**Task**
Reproduce, exactly and in full, the records that follow, minus any pictures.

[Dataset excerpts]

========

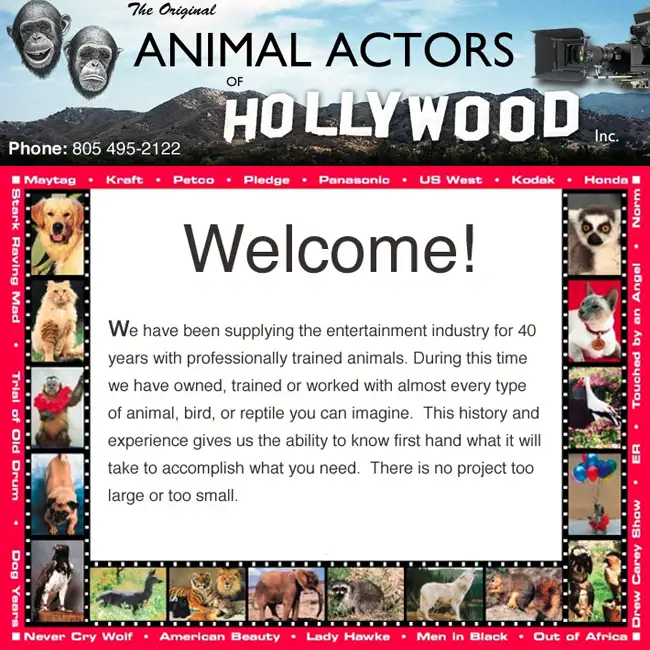 Animal Actors of Hollywood for 40 Years!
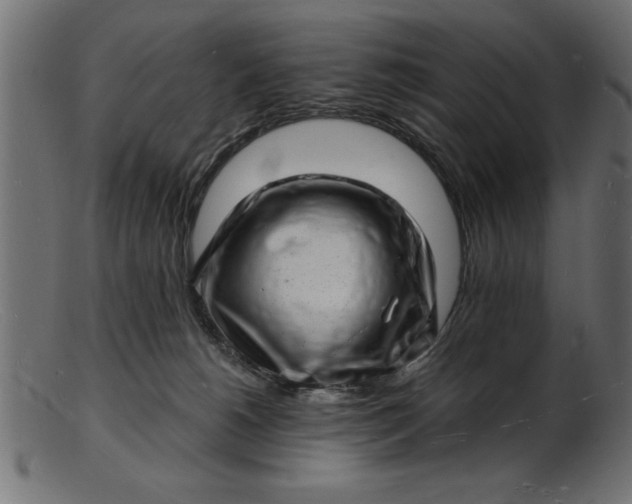 X0000103240180200809111605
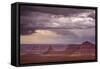 567-Dan Ballard-Framed Stretched Canvas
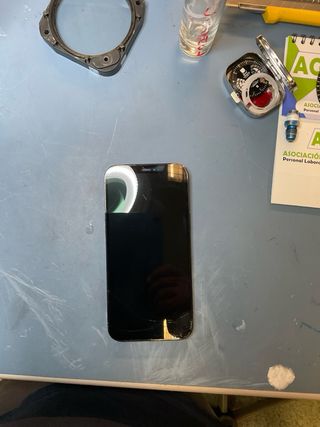 iPhone 12 Pro Max 256 GB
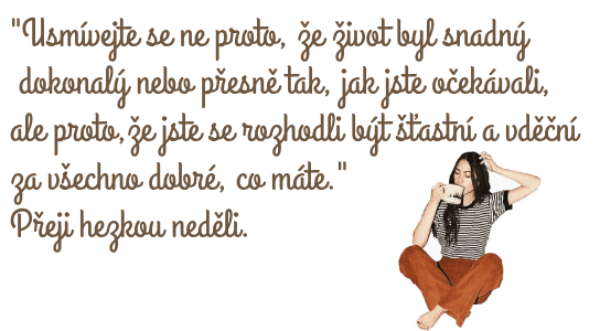 Nov-projekt.png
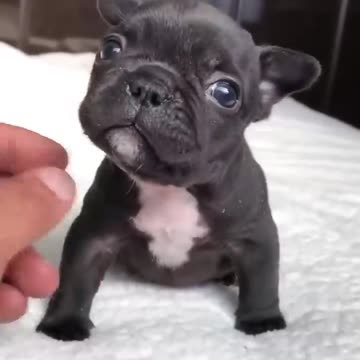 cute puppy trying to barking with cute voice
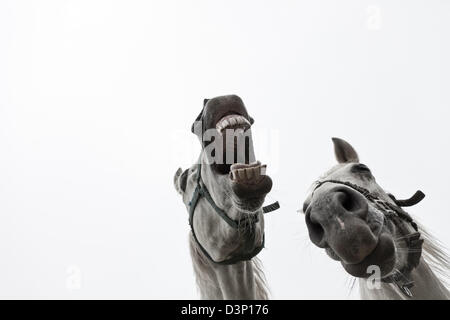 White horses whinnying againt the backdrop of a white sky Stock Photo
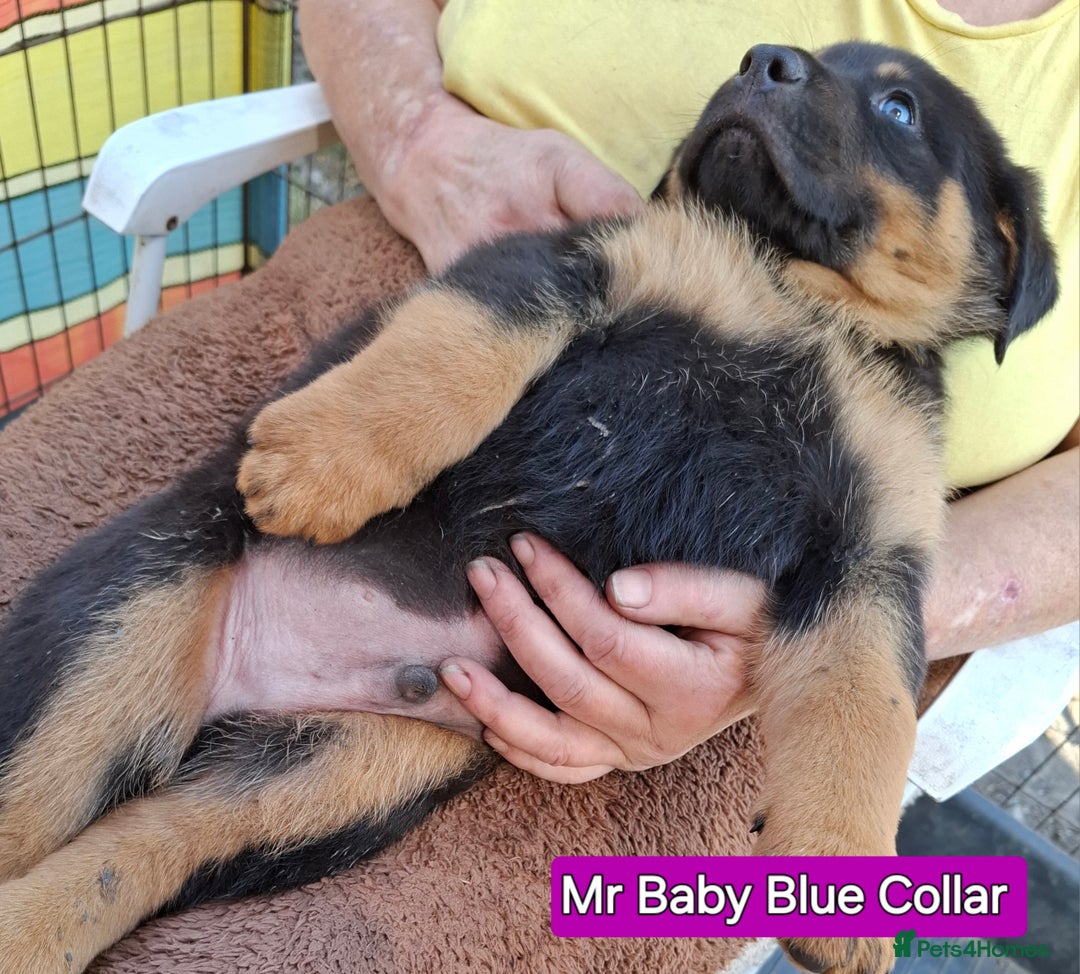Rottweiler dogs for sale: Stunning Litter Of Shepweiler X Mastiff Pups - Image 27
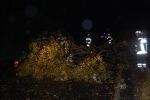 20141022_Sturmschaden09.JPG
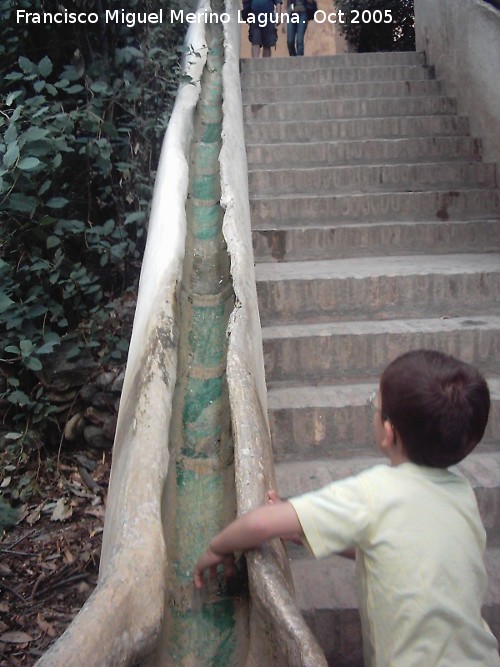 Generalife. Escalera del Agua - Generalife. Escalera del Agua. 
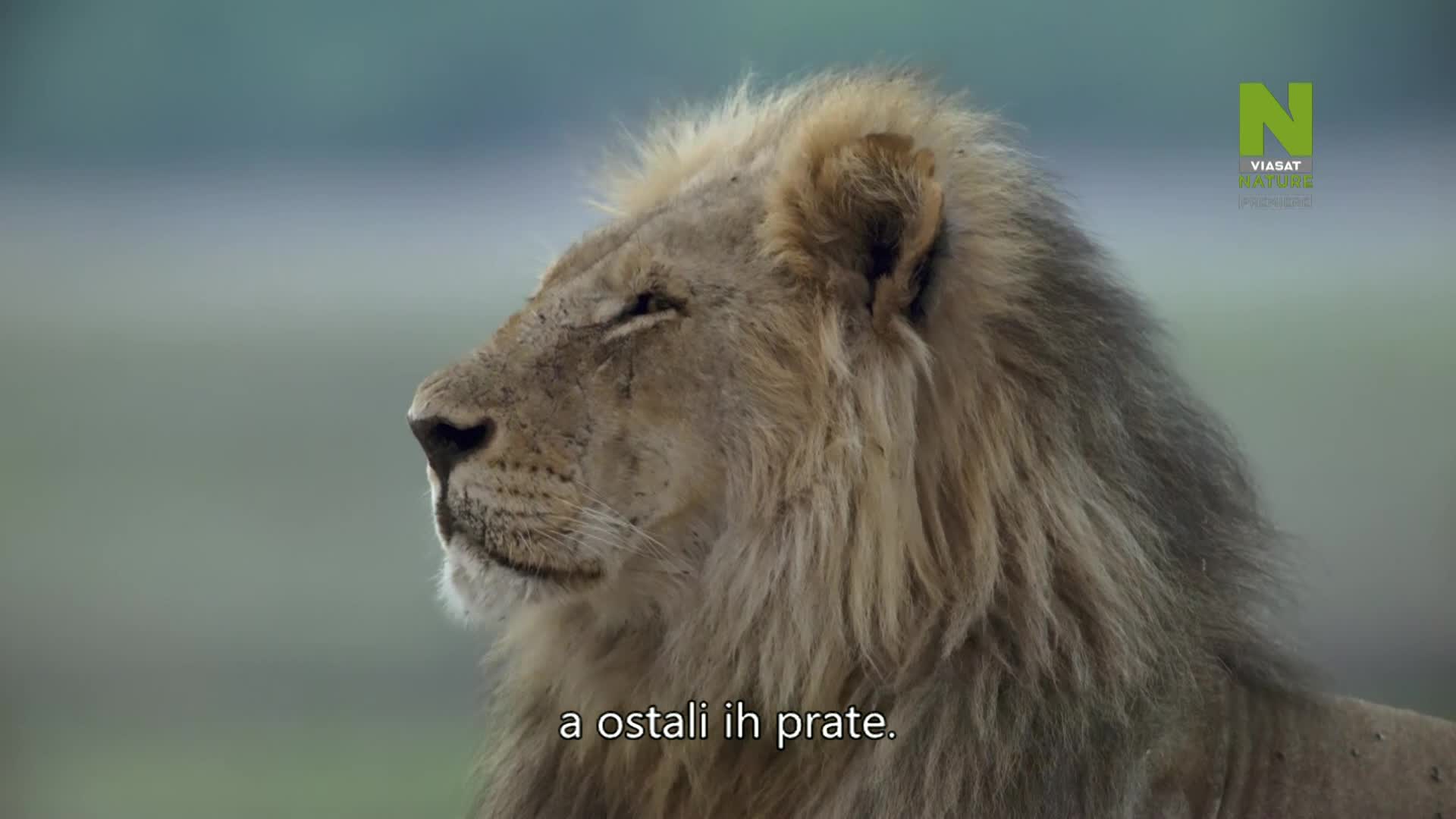 ViasatNature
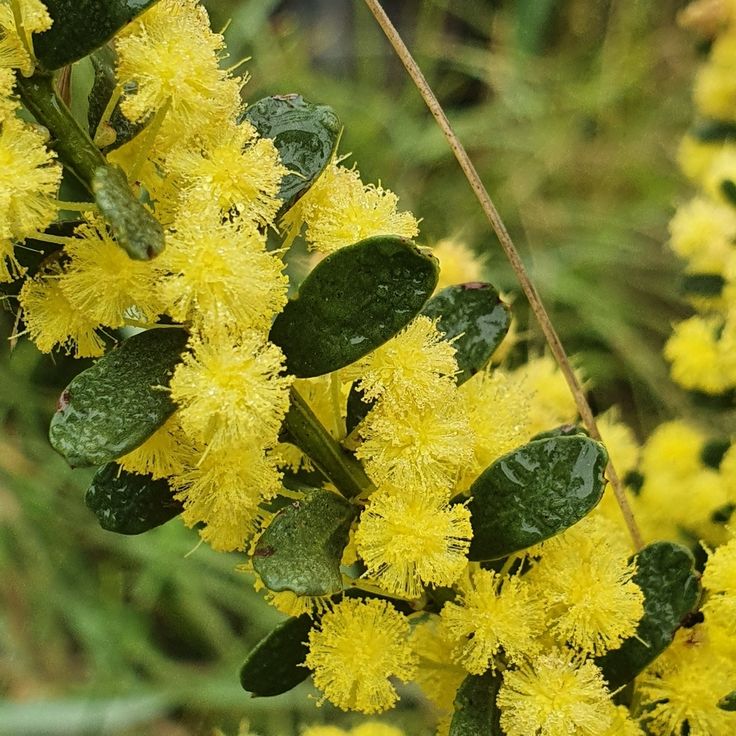 Gold Dust Wattle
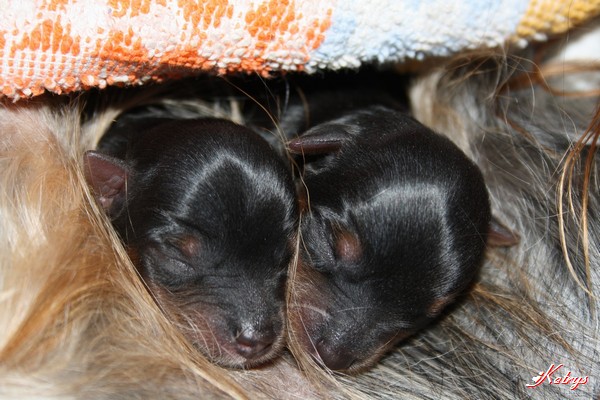 Yorkshire Terrier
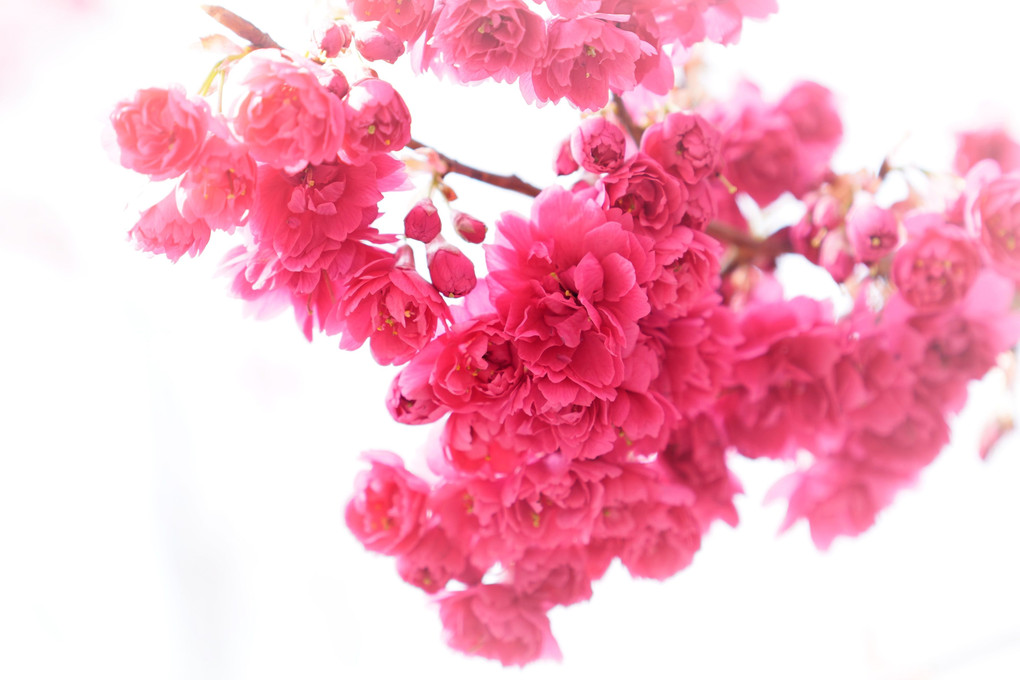 桜とインコの関係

========

**Exercise output**
 Animal Actors of Hollywood for 40 Years!
 X0000103240180200809111605
 567-Dan Ballard-Framed Stretched Canvas
 iPhone 12 Pro Max 256 GB
 Nov-projekt.png
 cute puppy trying to barking with cute voice
 White horses whinnying againt the backdrop of a white sky Stock Photo
Rottweiler dogs for sale: Stunning Litter Of Shepweiler X Mastiff Pups - Image 27
 20141022_Sturmschaden09.JPG
 Generalife. Escalera del Agua - Generalife. Escalera del Agua. 
 ViasatNature
 Gold Dust Wattle
 Yorkshire Terrier
 桜とインコの関係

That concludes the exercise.